> Exercise goal
In the listing below, the lines starting at the line with "First Trip To" and ending at the line with "Direct English International" are to be output verbatim. Images stay out of the copy.

> The data
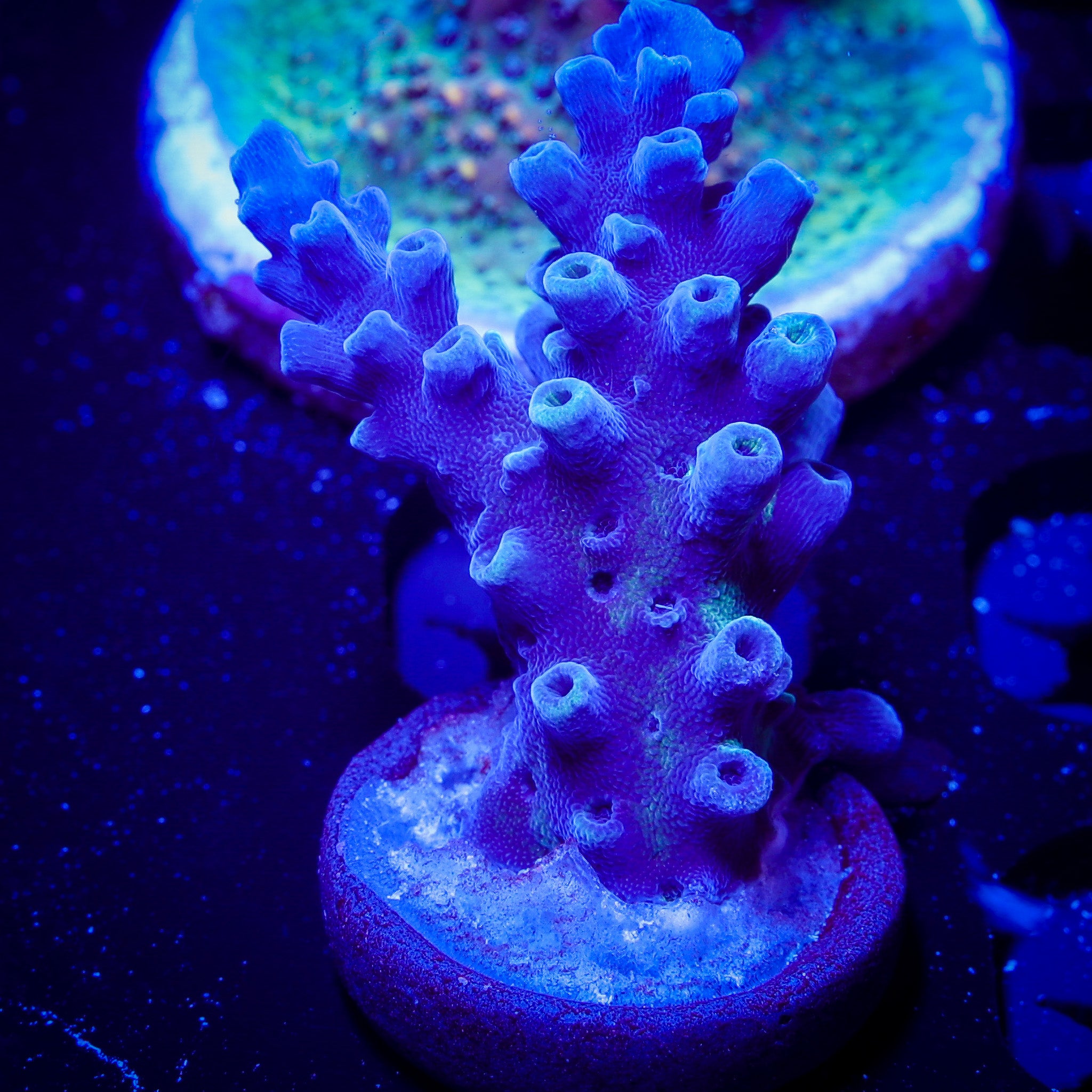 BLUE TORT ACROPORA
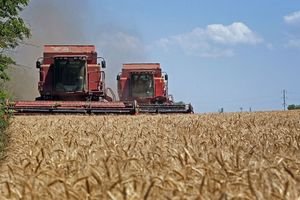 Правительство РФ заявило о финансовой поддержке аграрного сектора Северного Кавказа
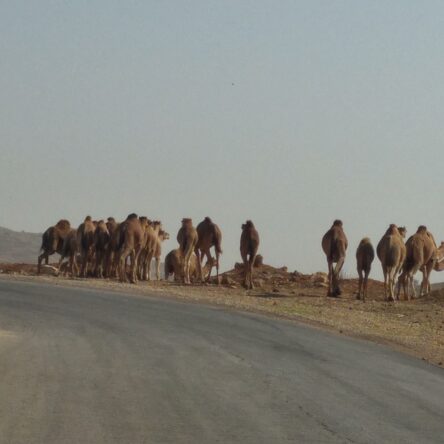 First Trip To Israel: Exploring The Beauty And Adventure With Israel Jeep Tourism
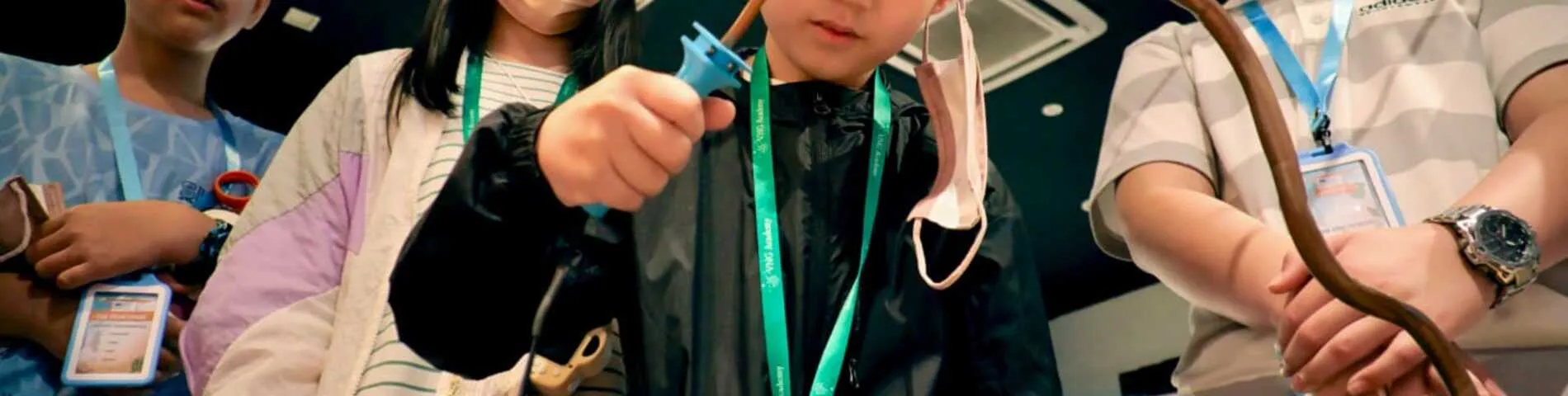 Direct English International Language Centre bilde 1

* * *

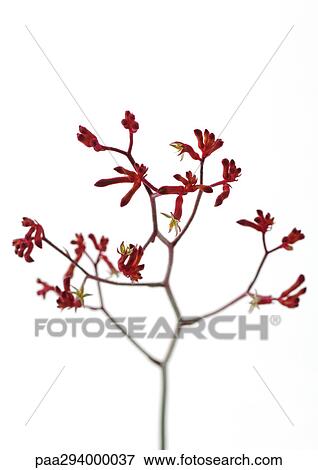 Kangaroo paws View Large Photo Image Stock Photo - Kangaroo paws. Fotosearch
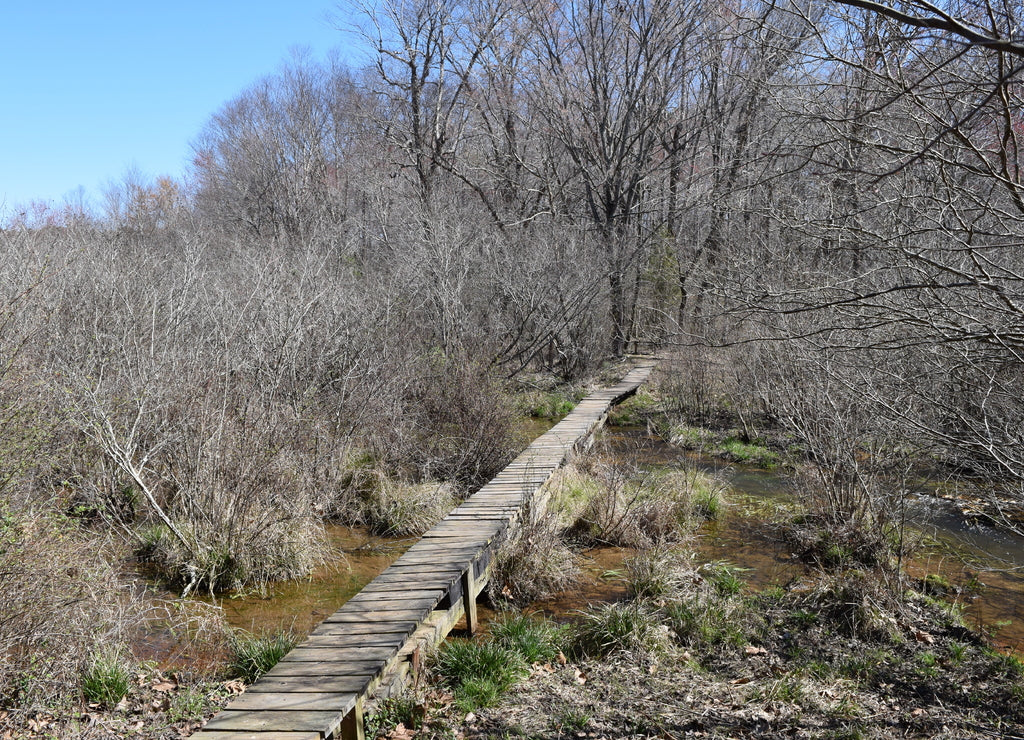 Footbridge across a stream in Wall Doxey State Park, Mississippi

> Response area
 First Trip To Israel: Exploring The Beauty And Adventure With Israel Jeep Tourism
 Direct English International Language Centre bilde 1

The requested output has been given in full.